About this exercise:
Copy each line below as it stands, but skip any picture it contains.

Stored data:
----
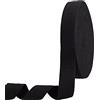 NBEADS 45m/Rotolo 35mm Fettucce di Cotone A Spina di Pesce Nastri di Nastro in Twill di Cotone Cordoncini in Cotone A Spina di Pesce per Cucito A Maglia Artigianato Nero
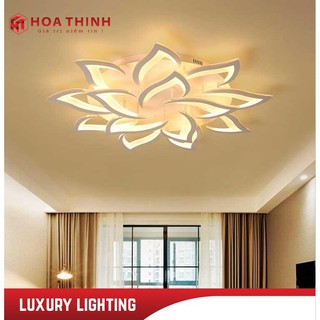 Đèn LED ốp trần mâm hoa sen, 3 chế độ ánh sáng,đèn mâm trần trang trí phòng ngủ phòng khách,tặng kèm điều khiển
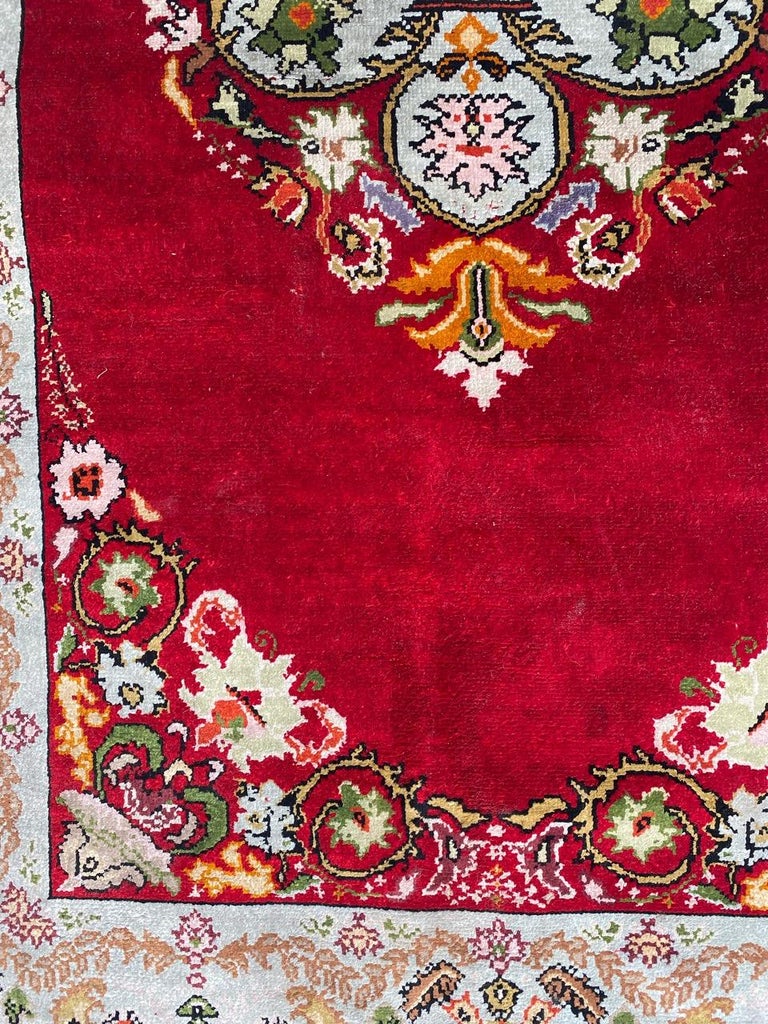 Pretty Vintage Little Silk Turkish Rug For Sale at 1stDibs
----
Task result:
 NBEADS 45m/Rotolo 35mm Fettucce di Cotone A Spina di Pesce Nastri di Nastro in Twill di Cotone Cordoncini in Cotone A Spina di Pesce per Cucito A Maglia Artigianato Nero
 Đèn LED ốp trần mâm hoa sen, 3 chế độ ánh sáng,đèn mâm trần trang trí phòng ngủ phòng khách,tặng kèm điều khiển
 Pretty Vintage Little Silk Turkish Rug For Sale at 1stDibs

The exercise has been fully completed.